The workflow I have settled on is...

  1. Prepare an R markdown file that includes analysis steps and documentation. The analysis is included in knitr chunks and can be in R, python, and many other languages.
  2. Set up the YAML preamble in the R markdown to describe the output document format(s) I want. In my case they include PDF, HTML, word, and Github-flavoured markdown.
  3. Render this in R to produce the different documents. This is done using the rmarkdown and bookdown packages in R. rmarkdown and bookdown leverage pandoc to produce very good output files.
  4. Share the different output files with different groups.
  5. Update the Rmarkdown and iterate items 1-4 until complete.

I have put an example of this into a repository at https://github.com/AndyClifton/lit-pro-sci-pub-demo.

Andy Clifton
  • 3,699
1

This is my method for converting LaTeX documents to MS Word documents: first convert LaTeX file to epub3 file with MathML support by using tex4ebook, then convert its output to Word file by using Pandoc.

Conversion from LaTeX to epub3: tex4ebook -f epub3 mwe.tex "mathml"

Conversion from epub3 to MS Word: pandoc mwe.epub -o mwe.docx

Note: Probably you will need to revise your LaTeX source file before converting it to epub3, see this answer for details.

0

I have had little luck with, e.g. htlatex and mk4ht.

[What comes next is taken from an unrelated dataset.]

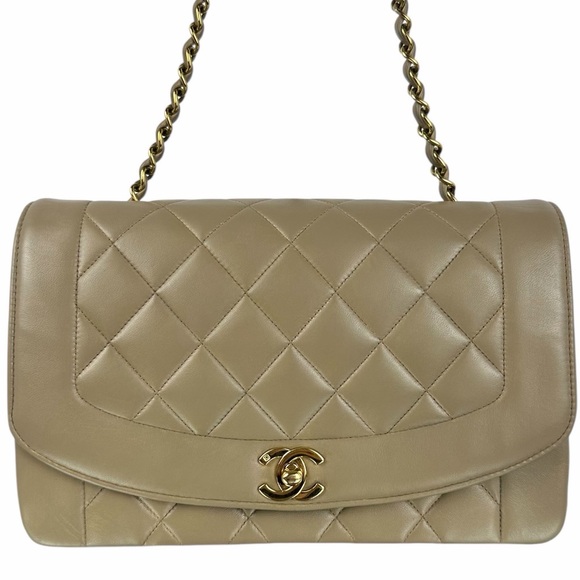 CHANEL Handbags - CHANEL DIANA FLAP BAG MEDIUM GHW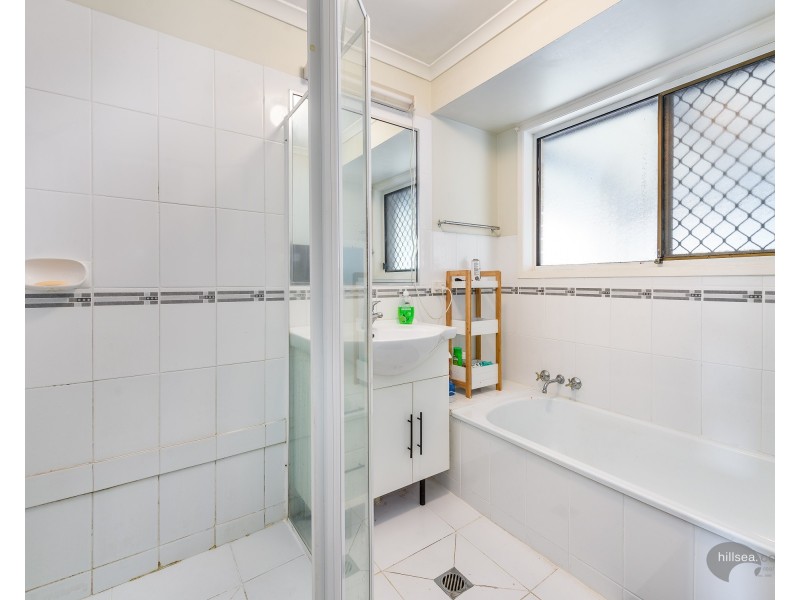 1/4 Kangaroo Avenue, Coombabah QLD 4216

However, what works for me are the following four strategies:

  1. pdftotext -layout thesis.pdf
  2. detex thesis.tex > thesis_detex.txt
  3. pdf2htmlEX thesis.pdf
  4. Adobe Acrobat XI Pro

Pdftotext produces thesis.txt, which is very close to the formatting in pdf. To avoid character-mapping problems, load thesis.txt in a windows text editor, e.g., notepad++, select all and paste into a new MS Word/Openoffice Writer document. The only drawback is that if your tex-file produces a pdf with concatenated words, thesis.txt will contain the concatenations.

Detex produces thesis_detex.txt which works fine for many use cases since words are not concatenated.

pdf2htmlEX produces a very accurate html file. Although some characters are collated to one new character.

To be honoust, the conversion with Adobe Acrobat XI Pro worked flawlessly. I was surprised since I had not used Adobe for a while. Earlier versions did not perform well.

In conclusion, the best option for me is to use Adobe on a latex produced pdf.

rvaneijk
  • 330
  • what kind of issues did you have with htlatex or mk4ht? I am sure they should produce better results than just plain text. – michal.h21 Dec 02 '17 at 14:50
  • htlatex and mk4ht do not work very well with hyperref and pgf. Disabling hyperref is suggested. Pgf was a different problem for me, e.g., the first error message was "l.190 \pgfusepathqfill}". Also many as follows: "! Undefined control sequence. \pgfsys@svg@newline ->\Hnewline

    l.214 \pgfusepathqstroke}"

    htlatex produces an incomplete file, whereas mk4ht did not even finish.

    – rvaneijk Dec 03 '17 at 16:10
  • I think you should post a question illustrating your issues with hyperref, it should work without problems. Regarding the TikZ issue, this is known, it has been reported in TikZ issue tracker together with a solution, but it haven't been fixed upstream yet. see https://tex.stackexchange.com/a/386775/2891 for some solutions. – michal.h21 Dec 03 '17 at 16:27
0
  • Step 1. Create a PDF from your LaTeX file using pdflatex
  • Step 2. Convert the newly created PDF to Word document. You can achieve this step in 3 different ways:
  • For Windows users, Microsoft 2013 and later versions can open a PDF and save it as Word.
  • If you're not using Microsoft Word, you can simply use an online PDF to Word Converter as an alternative, no download needed.
  • If your document is text-only, just open it with Google Docs, and then download it as a Word document.